Até o fechamento desta edição, em 6 de fevereiro, 13º dia de buscas pelos desaparecidos, foram resgatados 150 restos mortais, 182 pessoas continuavam desaparecidas. Para agravar ainda mais o sofrimento e a angústia dos familiares das pessoas desaparecidas, o Corpo de Bombeiros informou que provavelmente muitos corpos jamais serão encontrados devido às condições adversas impostas pelo tempo e pela decomposição desses mesmos corpos. A tragédia humana e ambiental nos faz lembrar cenas apocalíticas de filmes de ficção científica. Porém, nesse caso, as cenas são reais. O alto número de desaparecidos pode levar a computar mais de 300 mortos, de acordo com informações do Corpo de Bombeiros.

Usamos até agora a palavra “tragédia” para classificar o rompimento da barragem e os efeitos terríveis causados por ele. Mas será que foi mesmo uma tragédia? Se analisarmos a origem do termo tragédia, voltaremos à Grécia antiga e aos espetáculos dramáticos apresentados pelos gregos. A tragédia grega possuía elementos fixos que reuniam deuses, humanos, destino e sociedade. Numa tragédia grega, humanos, deuses e semideuses não podiam fugir do destino, podendo este terminar em um final feliz ou triste. Portanto, para os gregos não era possível evitar uma tragédia, prevenir o seu desfecho, mudar o seu destino.

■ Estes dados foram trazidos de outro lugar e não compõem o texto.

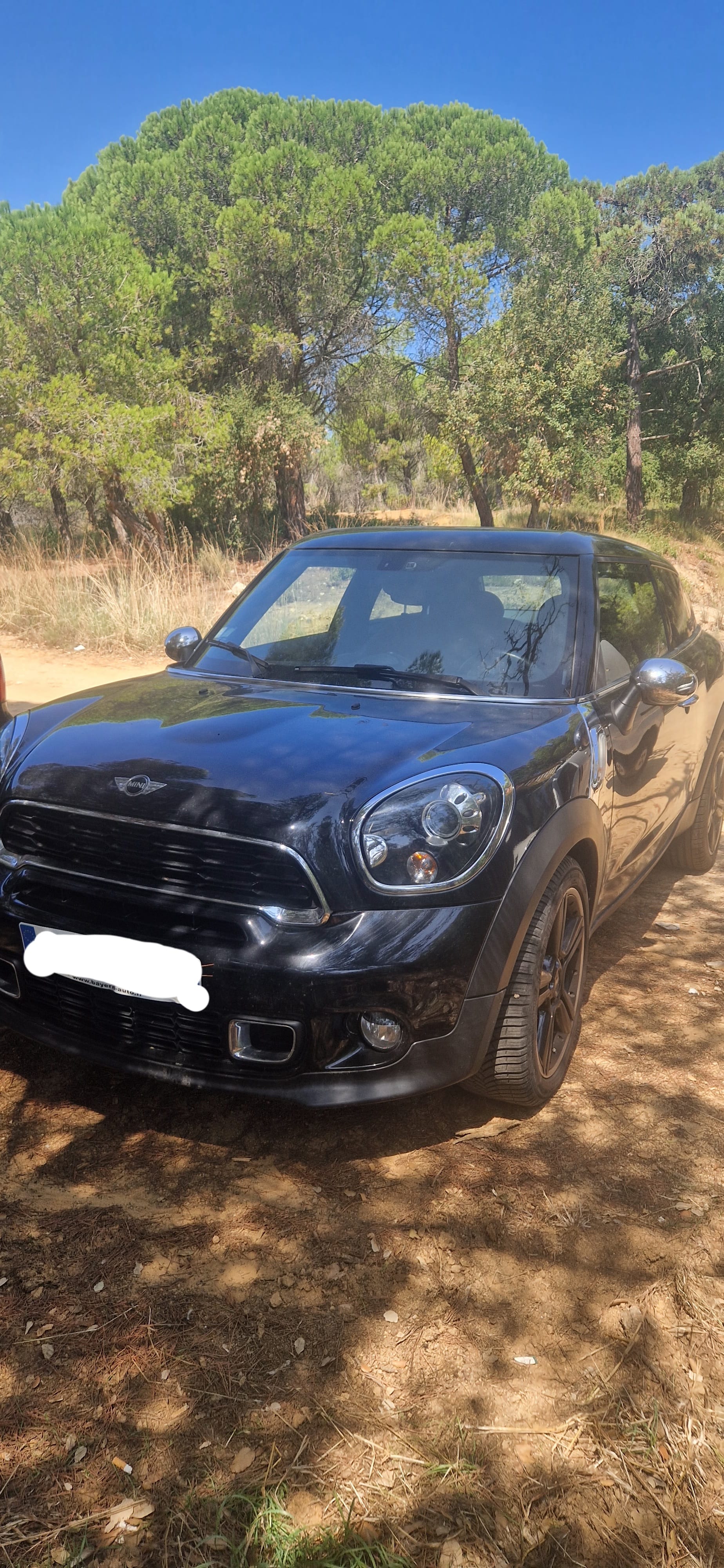 Mini Paceman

Ele já estava escrito.

Visto por esse lado, o episódio de Brumadinho, assim como o rompimento da barragem da Samarco em Bento Gonçalves, distrito de Mariana, há três anos, não podem ser classificados como uma tragédia. Seria melhor os classificarmos como crimes, negligência, desastres que poderiam ser evitados. Mas, em ambos os casos, a ganância – por sugar predatoriamente os recursos naturais – superou o bom-senso, a prudência, o cuidado, o zelo pela vida e pela natureza.  

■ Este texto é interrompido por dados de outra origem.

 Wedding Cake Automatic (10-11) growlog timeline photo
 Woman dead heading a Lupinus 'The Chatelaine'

A busca pelo acúmulo perverso de riquezas e pela alta das ações nas bolsas de valores cega empresas como a Vale, cujo compromisso com a preservação do meio ambiente e da vida humana se resume tão somente em propagandas caríssimas divulgadas em horários nobres nos meios de comunicação. Causa revolta assistir ao comunicado da Vale sobre o rompimento da barragem 1 de Brumadinho. No final do comunicado, a empresa destaca “que possui compromisso com a segurança”. Quanta hipocrisia!

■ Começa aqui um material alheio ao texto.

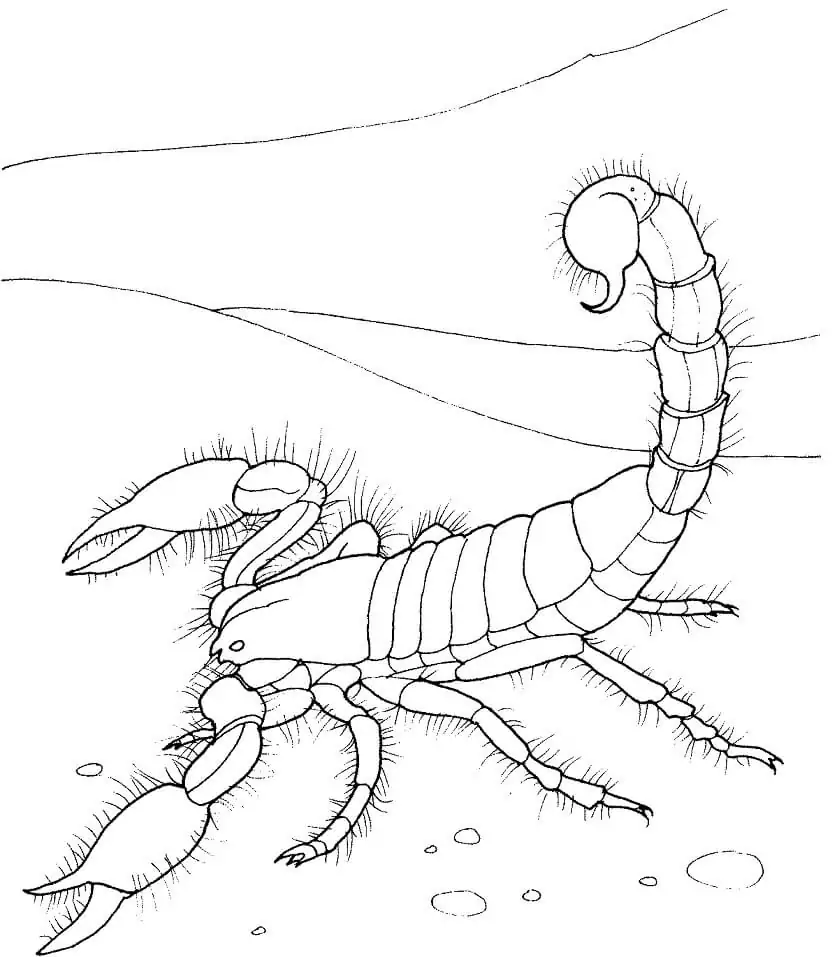 Giant Desert Scorpion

As cenas “apocalípticas” do mar de lama engolindo casas, soterrando máquinas, carros, trens, guindastes, matando o rio Paraopeba devem nos alertar quanto ao rumo que estamos tomando. Se escolhermos a ganância desenfreada pelo consumo, pela produção e pelo dinheiro, seguindo a lógica maquiavélica de que tudo pode quando a finalidade é obter lucro, continuaremos assistindo à natureza ser depredada e vidas humanas serem ceifadas impiedosamente.

A exploração dos recursos naturais, como o petróleo e o minério de ferro, devem continuar a acontecer nesse ritmo avassalador capaz de destruir em poucos dias o que a natureza levou milhares de anos para construir? As imagens assustadoras captadas pelas câmeras de segurança da Vale no instante do rompimento da barragem mostram a fúria da natureza quando suas forças são desafiadas pelo homem.

A humanidade precisa encontrar meios de viver em harmonia com a natureza. Os mortos de Brumadinho, muitos eternamente sepultados sob um mar de lama seca e venenosa, estão gritando isso.

O JL é solidário às vítimas desse infame desastre que poderia ser evitado.